Studies have suggested that investors, even institutional investors, invested in a given strategy often do not achieve that strategy’s published investment returns for any number of reasons, including not being fully invested at all times, trading too frequently, and not rebalancing in a timely fashion. This is true especially when employing active strategies due to behavioral biases, such as the inability to maintain conviction in underperforming managers. 7 Multiemployer plans particularly encounter challenges in this area, since committees typically meet quarterly, represent so many different interests, and can deliberate extensively. By the time decisions are made, certain investment opportunities often either disappear (e.g., private equity funds close) or become less attractive (e.g., lowest-fee share classes become unavailable or asset classes become overvalued). Moreover, as crucial as it is to successful execution, risk management—even in the form of simple rebalancing—often becomes less effective, given union plans’ unique governance structures. Consequently, committees must develop a close and trusting relationship with their investment advisor, streamline their meetings, make decisions in a diligent but timely manner, and consciously combat their behavioral biases.

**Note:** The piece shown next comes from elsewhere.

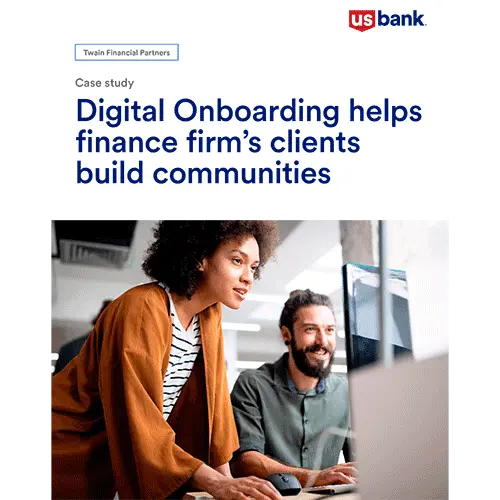 Man and woman smiling and looking at a computer screen together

One way to achieve effective execution and avoid these challenges is by appointing the investment advisor as a discretionary manager, either on a fully or semi-delegated basis. 8 In this setup, trustees approve the overall portfolio investment policy, asset allocation, and risk parameters. They also monitor the investment advisor, but delegate to the advisor the day-to-day investment decisions, including the hiring and firing of asset managers, allocation of capital between managers, rebalancing, and other investment-related tasks. In addition to efficient implementation and disciplined risk management, we believe this approach improves the likelihood of generating strong investment returns. Thus, it can help allay some of the member/employer tensions that are inherent in the multiemployer structure, reduce the administrative burdens of the fund staff, enable trustees to focus on the bigger picture, and avoid conflicts of interest that can potentially occur between managers and trustees.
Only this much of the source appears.